Problem description:
Below are the entries. Print only the lines starting at the one with "bedroom with a" and ending at the one with "Close-up view of", exactly, with no pictures.
+++ Listed records +++
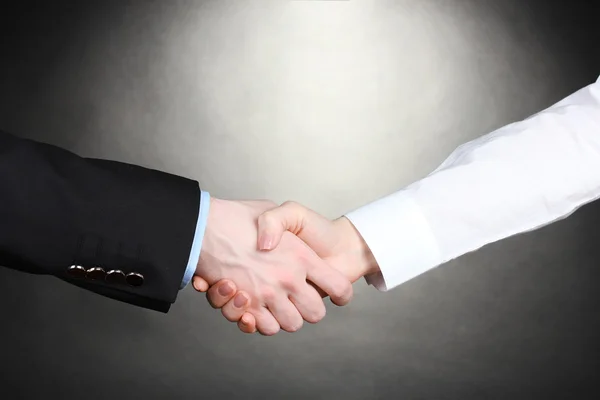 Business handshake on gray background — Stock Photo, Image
+++
+++ Listed records +++
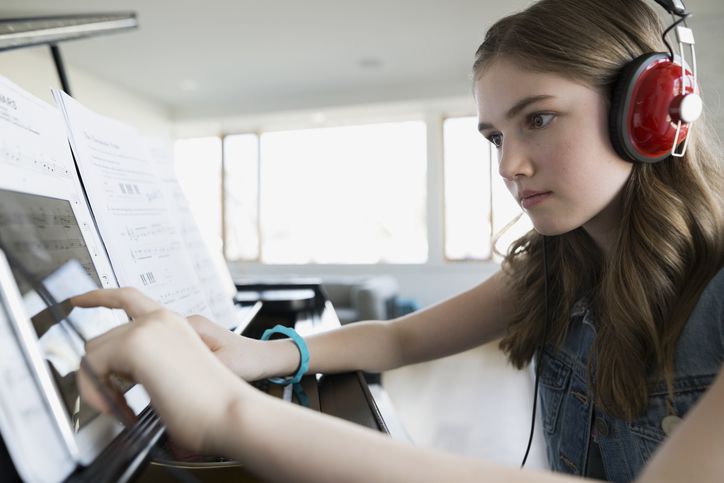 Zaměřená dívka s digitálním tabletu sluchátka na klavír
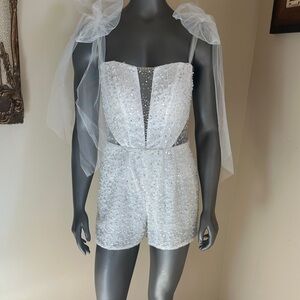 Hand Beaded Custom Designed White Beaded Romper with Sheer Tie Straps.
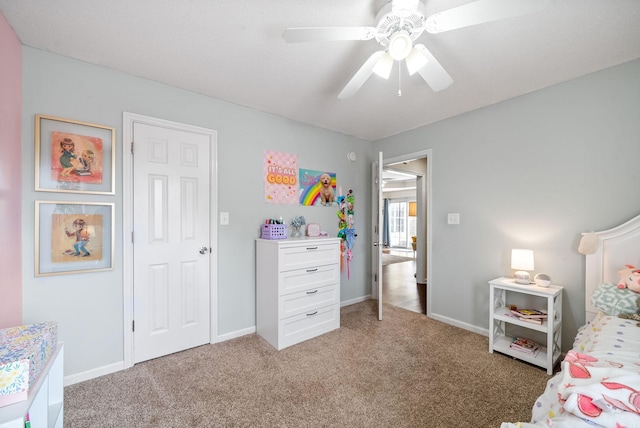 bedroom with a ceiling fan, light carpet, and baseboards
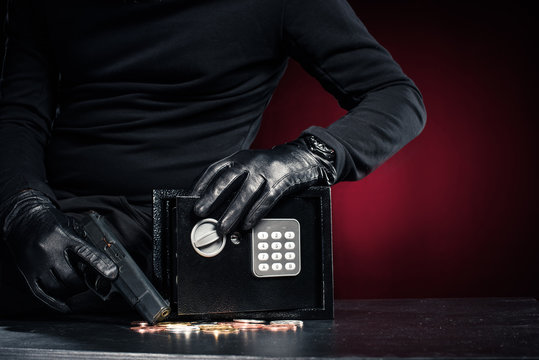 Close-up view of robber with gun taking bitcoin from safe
+++
Finished exercise:
 bedroom with a ceiling fan, light carpet, and baseboards
 Close-up view of robber with gun taking bitcoin from safe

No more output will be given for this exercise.